7 ans après «Silence», Martin Scorsese nous revient au cinéma du haut de ses 80 ans avec cette adaptation de l'ouvrage homonyme de David Grann (inspiré d’événements réels), et signe avec elle son œuvre la plus politique.
Quelque part entre la fresque intimiste (m'ayant un peu rappelé, de par ce qu'elle dégageait parfois, un certain «La Porte du Paradis» de Cimino), le western et le film noir, une nouvelle page sombre et sanglante de l'histoire américaine, très peu connue du grand public.
L'histoire d'une manipulation et d'une trahison. D'un côté, celle de toute une tribu qu'on a tenté de rassurer pour mieux s'en débarrasser par la suite, et cela dans une indifférence quasi-générale, sans qu'une enquête soit menée. De l'autre, celle de Mollie Burkhart, une amérindienne qui s'est éprise d'un "beau diable" blanc, à qui elle a tout donné, en particulier sa confiance. Une confiance qui ne lui a jamais réellement été rendue.
Loin de la frénésie visuelle d'un «Casino», Scorsese impose un rythme plus posé, plus lancinant à l'ensemble de son film, et cela à travers une mise en scène toujours aussi millimétrée, accompagnée d'un travail de reconstitution très soigné.
Une forme de classicisme narratif et formel à l'intérieur duquel le poison qui a été inoculé se propage petit-à-petit dans tous les recoins du film, jusqu'à sembler inarrêtable.
Une œuvre anti-spectaculaire où ce qui marque le plus n'est pas la violence visuelle, mais ces traditions améridiennes, mises en avant comme rarement. Et surtout ces discussions, ces face-à-face qui montrent nos protagonistes dans toute leur ambiguïté, leur monstruosité, leur vérité.
Une œuvre où le casting, composé en grande partie de natifs américains, est au centre du dispositif et de l'histoire mise en place par son réalisateur.
Leonardo DiCaprio, pris entre le respect qu'il a pour son oncle William et l'amour qu'il porte pour sa femme Mollie, incarne un personnage toute en ambiguïté, bourreau influençable, lâche et aimant.

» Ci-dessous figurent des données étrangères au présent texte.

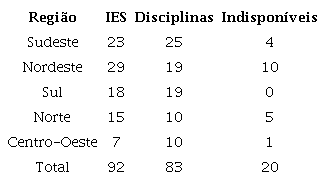 Distribui&ccedil;&atilde;o das disciplinas referentes &agrave; Educa&ccedil;&atilde;o Especial, Inclus&atilde;o e Educa&ccedil;&atilde;o Inclusiva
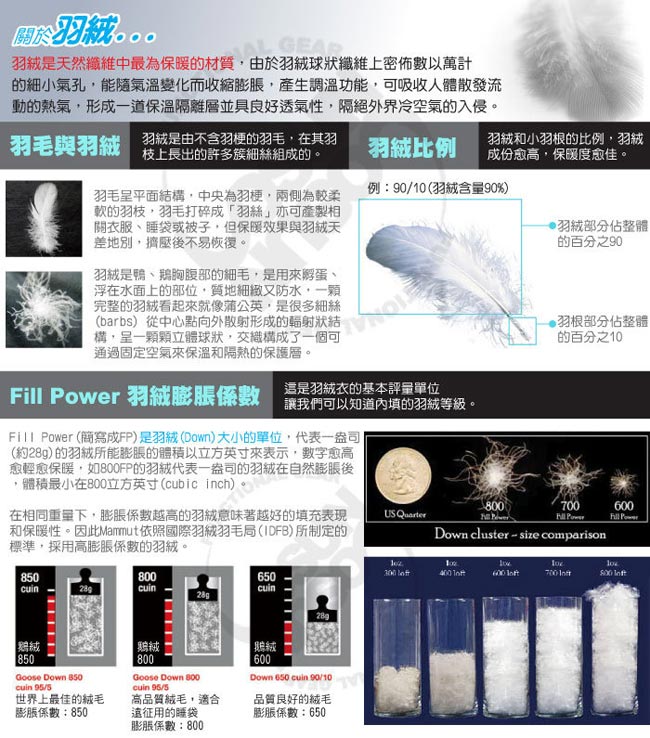 Outdoor Research 男 Transcendent 輕量鵝絨背心_黑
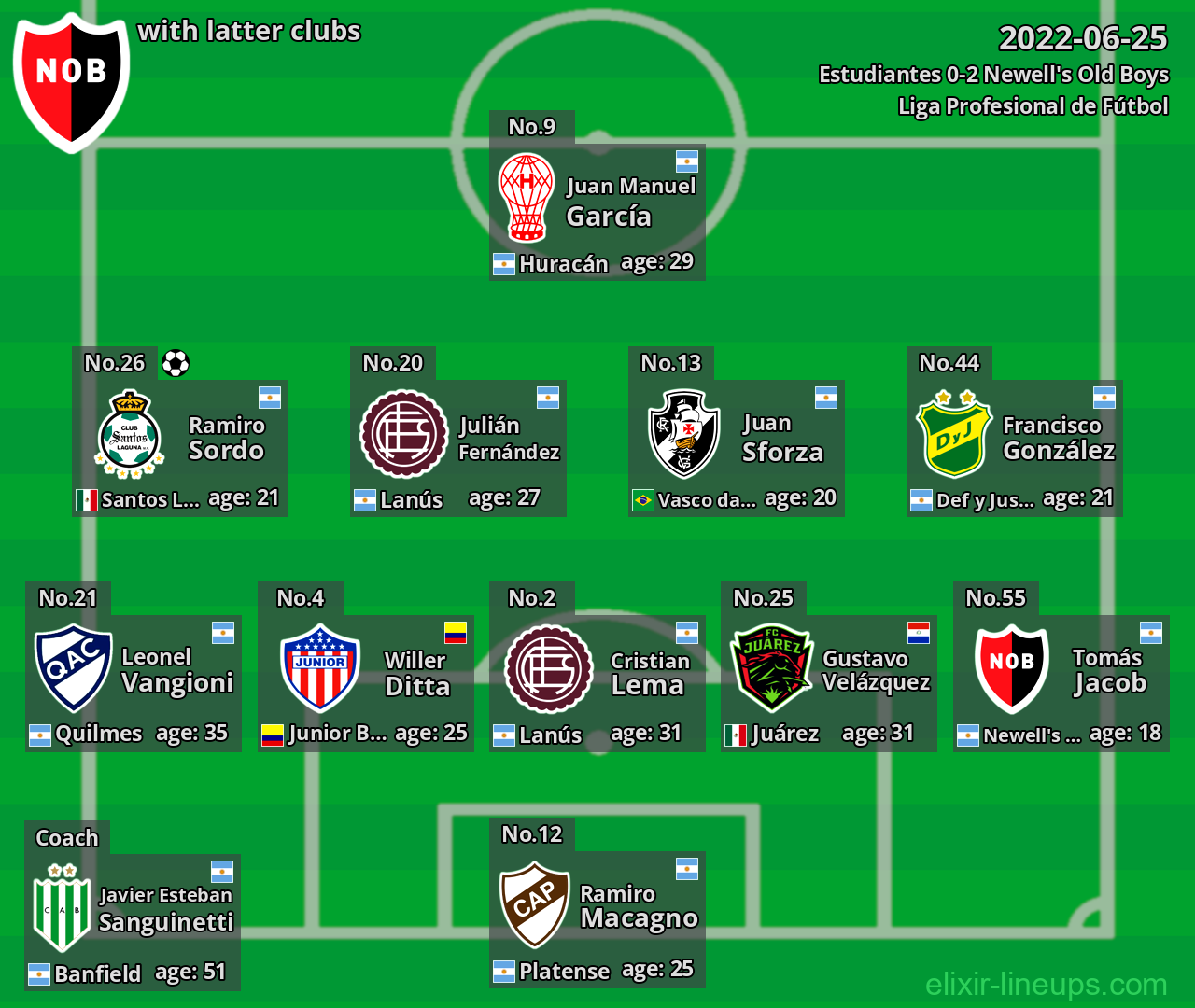 Newell's Old Boys with latter clubs 2022-06-25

Lily Gladstone, présence hypnotique et désarmante de spontanéité, porte sur ses épaules le deuil de son peuple et de sa famille, et devient la victime de celui qu'elle aime, pour finalement se reconstruire et le confronter une dernière fois.
Et la cerise sur le gâteau revient à Robert De Niro, impressionnant en vieux patriarche a priori bienveillant avec ses "amis" Osages, mais en réalité homme d'affaires impitoyable, veillant au grain pour que l'argent continue à couler à flots...et toujours dans son sens.

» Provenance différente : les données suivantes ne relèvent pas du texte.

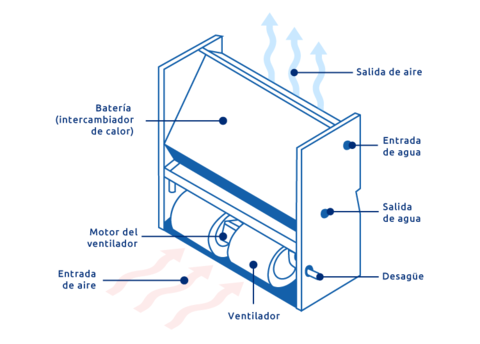 Desagüe del aire acondicionado: para qué sirven y tipos - Mator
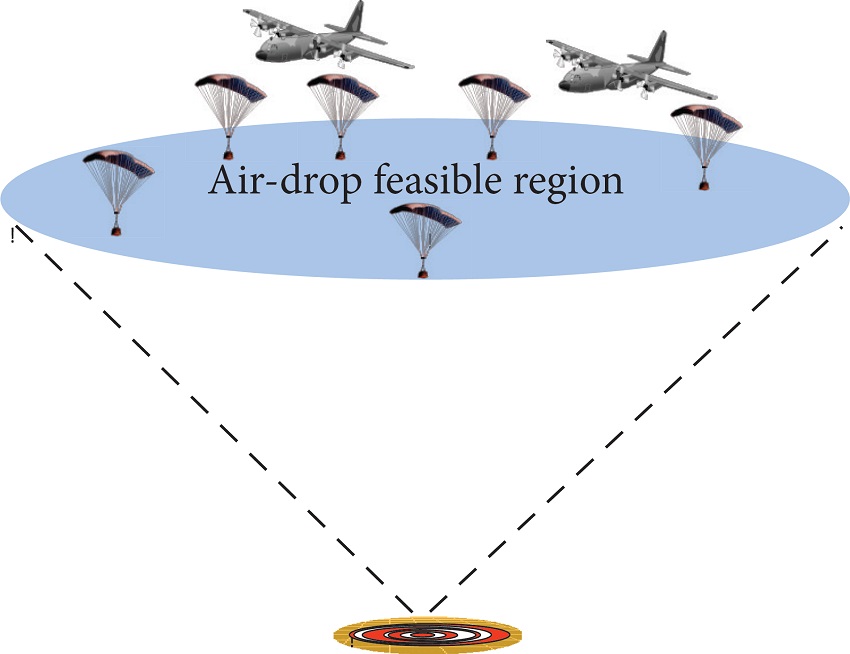 Multiple parafoils airdrop diagram.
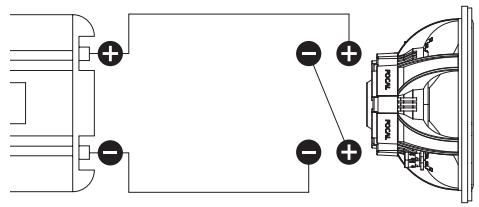 FOCAL ACCESS SUBWOOFERS - Four examples: - 2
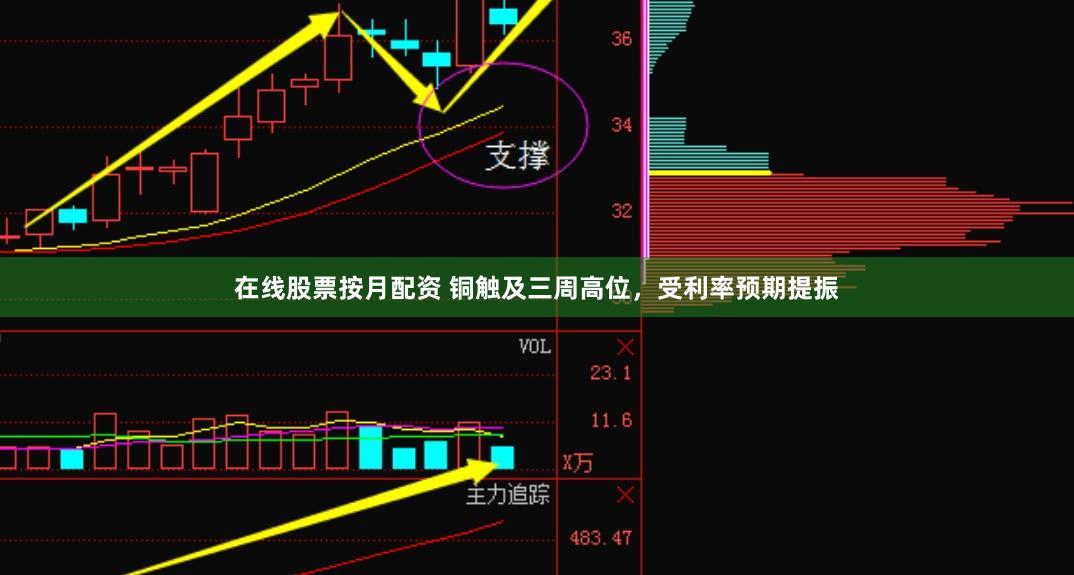 在线股票按月配资 铜触及三周高位，受利率预期提振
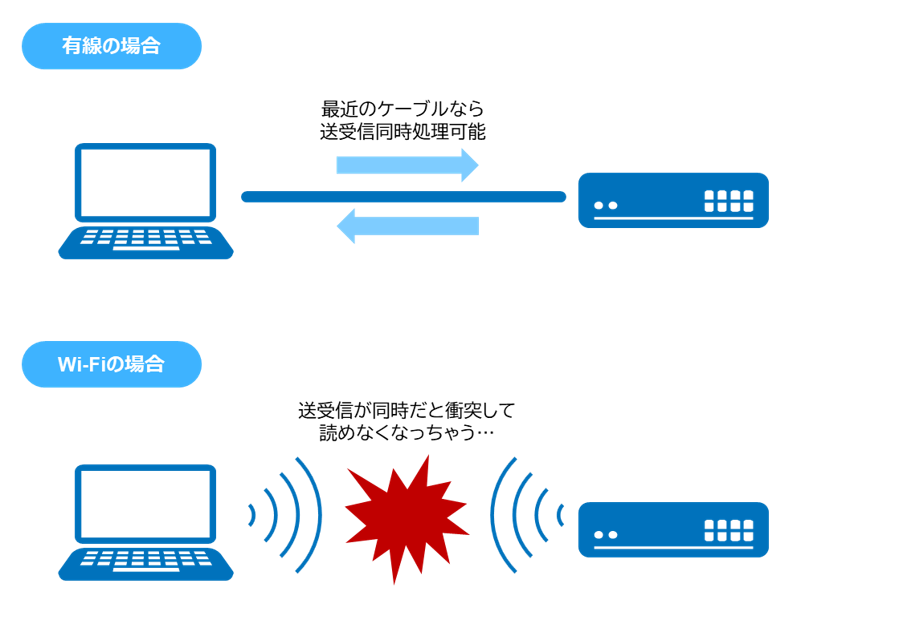 有線と違って「半二重」である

Une fresque tragique et imposante, mais pas tout à fait le chef-d’œuvre attendu. La faute à une histoire qui aurait pu être racontée en un peu moins de temps, des longueurs se faisant clairement ressentir au cours des 3h26 que durent le film (en particulier dans ses 2 premiers tiers. Le rythme s'améliore quand le FBI débarque) ; une musique un peu trop envahissante dans des scènes qui n'en avaient pas besoin ; et certaines mimiques un peu poussives et répétitives de DiCaprio.

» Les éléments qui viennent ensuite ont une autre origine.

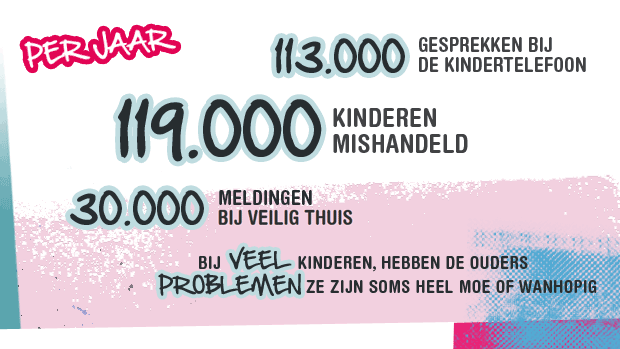 Per jaar: 113.000 gesprekken bij de Kindertelefoon, 119.000 kinderen mishandeld, 30.000 meldingen bij Veilig Thuis. Bij veel kinderen hebben de ouders problemen, ze zijn soms heel moe of wanhopig.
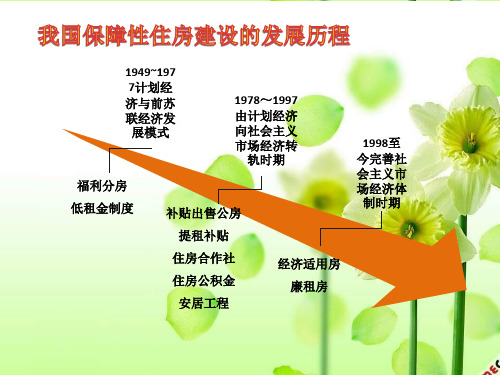 我国保障性住房建设发展历程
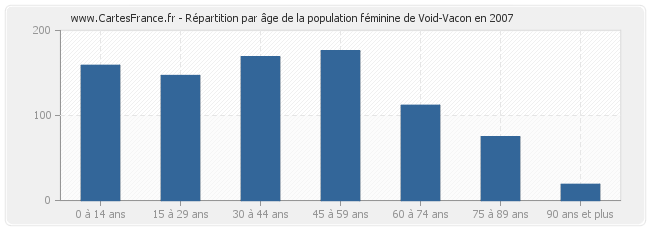 Répartition par âge de la population féminine de Void-Vacon en 2007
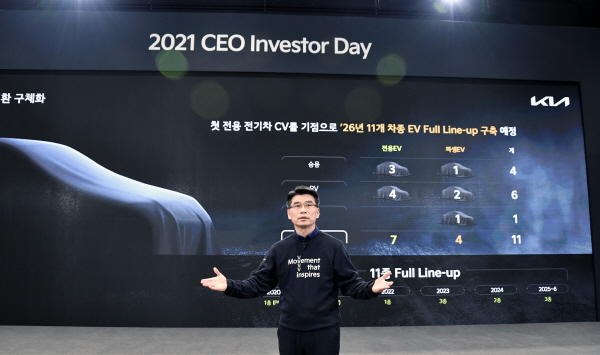 9일 ‘최고경영자 인베스터 데이(CEO Investor Day)’에서 발표 하는 송호성 기아 사장. (사진=기아)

Quelques défauts certes, mais qui n'enlève (presque) rien à la force évocatrice de ce très bon film, et comment aurait-il pu en être autrement au vu des forces en présence ?
Un projet qui tenait beaucoup à cœur à Scorsese, à l'image de ces derniers mots prononcés et lourds de sens.
Une œuvre sincère à l'intérieur de laquelle la voix d'un peuple éradiqué et oublié résonne enfin et est entendue.